Il la prit et l’examina.

– C’est bien ce que je pensais, c’est du diamant reconstitué.

– Du diamant reconstitué ?

– Un nouveau procédé qui consiste à soumettre de la poussière de diamant à une température énorme, de façon à la réduire en fusion… et à n’avoir plus qu’à la reconstituer en une seule pierre.

– Comment ! Mais mon diamant est vrai.

– Le vôtre, oui, mais celui-là n’est pas le vôtre.

– Où donc est le mien ?

– Entre les mains d’Arsène Lupin.

– Et alors, celui-là ?

– Celui-là a été substitué au vôtre et glissé dans le flacon de M. Bleichen où vous l’avez retrouvé.

– Il est donc faux ?

– Absolument faux.

Interdite, bouleversée, la comtesse se taisait, tandis que son mari, incrédule, tournait et retournait le bijou en tous sens. Elle finit par balbutier :

– Est-ce possible ! Mais pourquoi ne l’a-t-on pas volé tout simplement ? Et puis comment l’a t’on pris ?

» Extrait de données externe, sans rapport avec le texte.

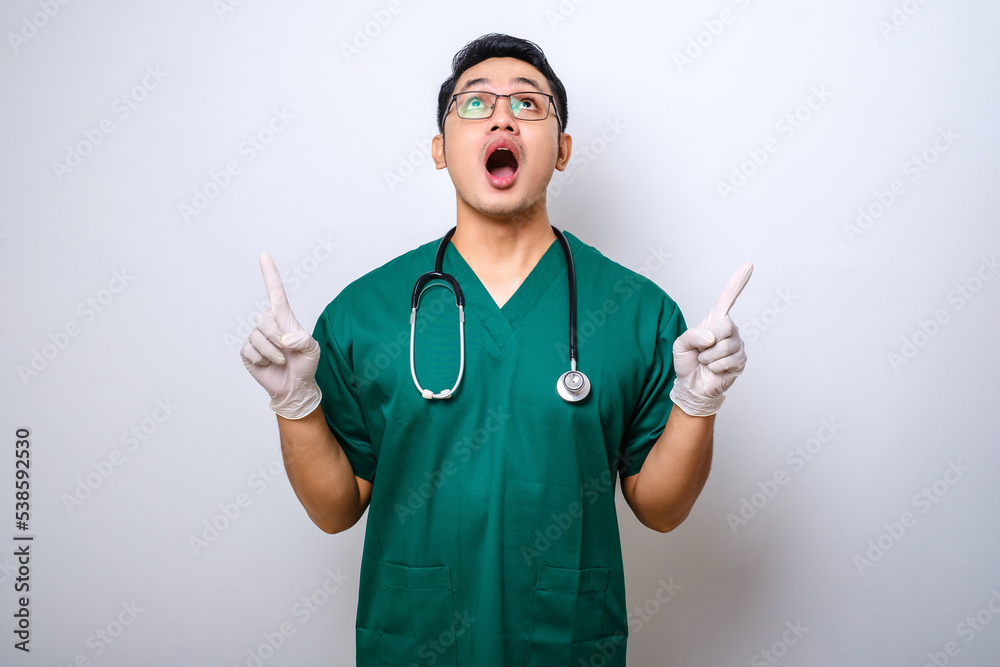 Surprised or curious male nurse in green scrubs, pointing fingers up, inform patients how prevent corona infection Surprised or curious male nurse in green scrubs, pointing fingers up, inform patients how prevent corona infection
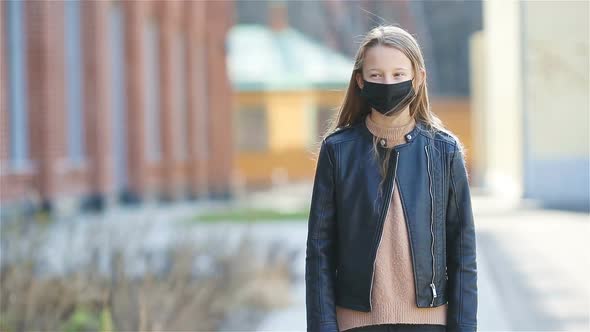 Girl Wearing a Mask Protect Against Coronavirus and Gripp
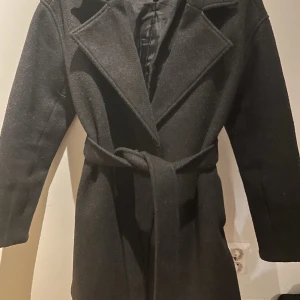 Kort Kappa NA-KD  - Kort Kappa från NA-KD  Storlek 34  Färgen är mörk grå  Skickar spårbart för allas trygghet😊 Köp plagget genom att trycka på ”köpknappen” men har du frågor går det bra att kontakta mig här💞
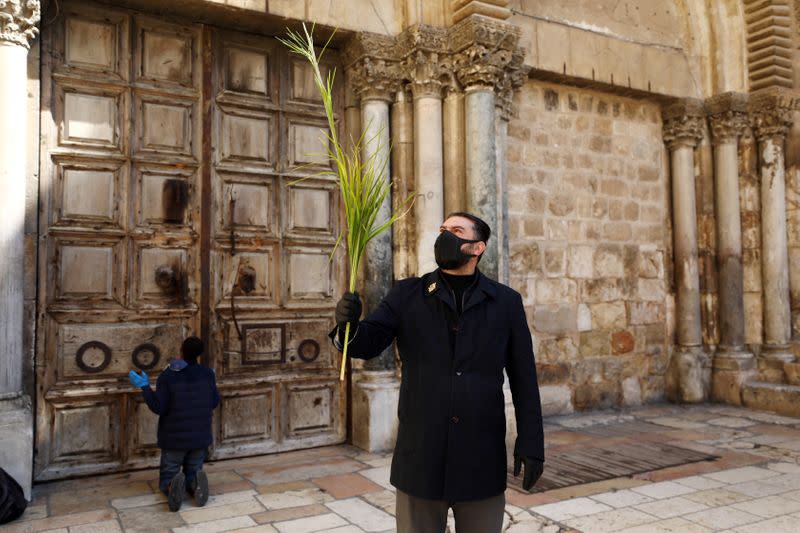 An Orthodox Christian worshipper wearing a mask holds a palm frond outside the closed doors of the Church of the Holy Sepulchre on Orthodox Palm Sunday amid the coronavirus disease (COVID-19) outbreak, in Jerusalem's Old City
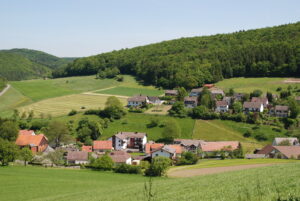 Ortsteil Benkhausen von einem Hügel aufgenommen. Man sieht einige Häuser umgeben von Wiesen und Wäldern.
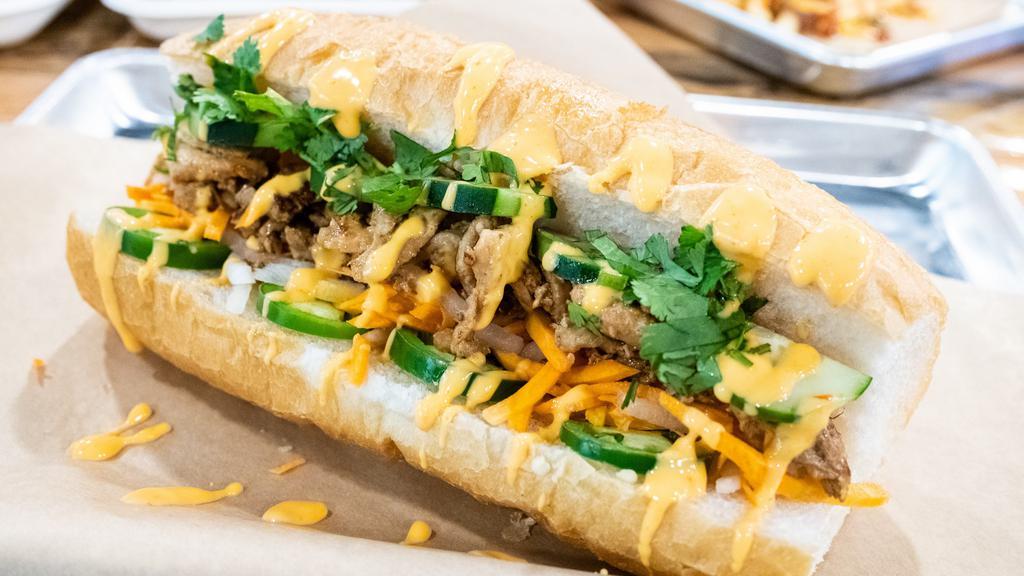 Banh Mi Sandwich · a french baguette filled with your choice of protein, cucumbers, pickled carrots and daikon, firecracker sauce, jalapenos and cilantro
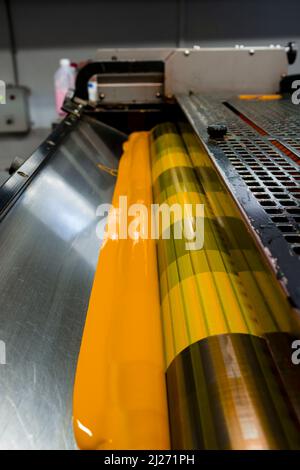 Farbe und glänzende Walzen von Offset-Druckmaschine. Offset-Farbe. Gelb. Vertikal aufgenommene Fotos, Vorderseite des Fotos mit ausgewähltem Fokus. Stockfoto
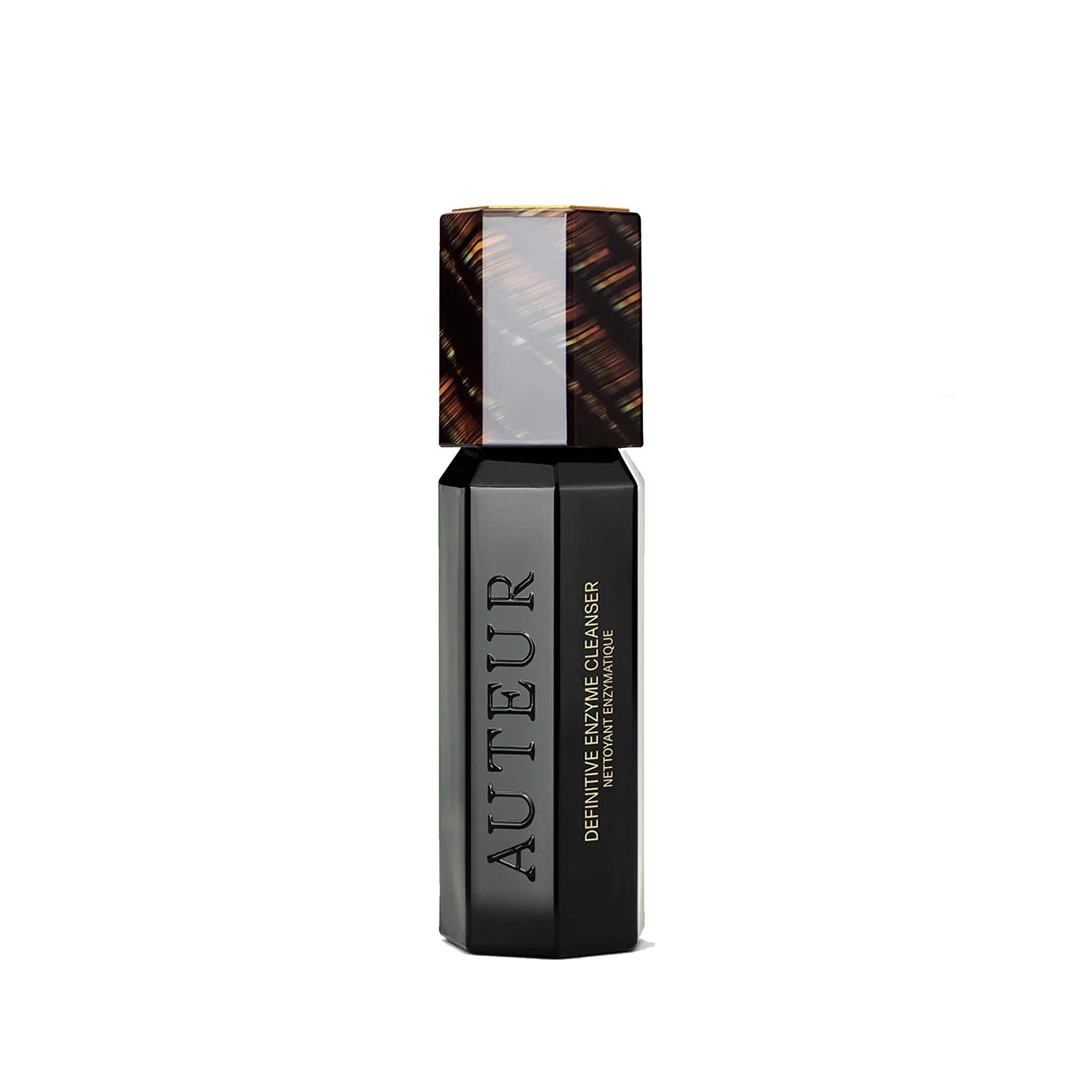 A bottle of Auteur Definitive Enzyme Cleanser with a dark liquid and a cap, on a white background.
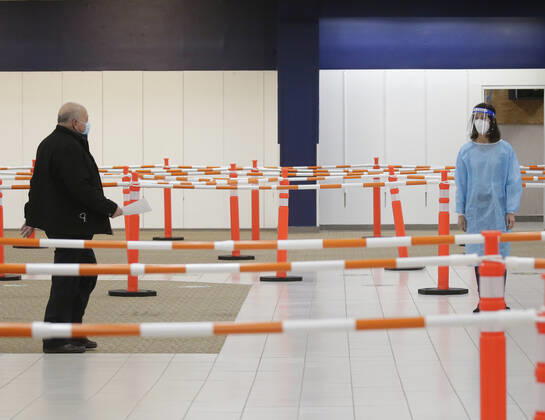 People arrive and get checked in to receive a coronavirus vaccine at an Essex County COVID-19 Vaccination Site located at a closed Sears retail store in the Livingston Mall in Livingston, New Jersey on Monday, January 11, 2021. Public health agencies and health-care groups are using the retailer s empty stores to deliver Vaccines in several locations around parts of the United States.  NYP20210111111 JohnxAngelillo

– C’est précisément ce que je vais tâcher d’éclaircir.

– Au château de Crozon ?

– Non, je descends à Creil, et je retourne à Paris. C’est là que doit se jouer la partie entre Arsène Lupin et moi. Les coups vaudront pour un endroit comme pour l’autre, mais il est préférable que Lupin me croie en voyage.

– Cependant…

– Que vous importe, madame ? l’essentiel, c’est votre diamant, n’est-ce pas ?

– Oui.

– Eh bien, soyez tranquille. J’ai pris tout à l’heure un engagement beaucoup plus difficile à tenir. Foi d’Herlock Sholmès, je vous rendrai le véritable diamant.

Le train ralentissait. Il mit le faux diamant dans sa poche et ouvrit la portière. Le comte s’écria :

– Mais vous descendez à contre-voie !

– De cette manière, si Lupin me fait surveiller, on perd ma trace. Adieu.

Un employé protesta vainement. L’Anglais se dirigea vers le bureau du chef de gare. Cinquante minutes après, il sautait dans un train qui le ramenait à Paris un peu avant minuit.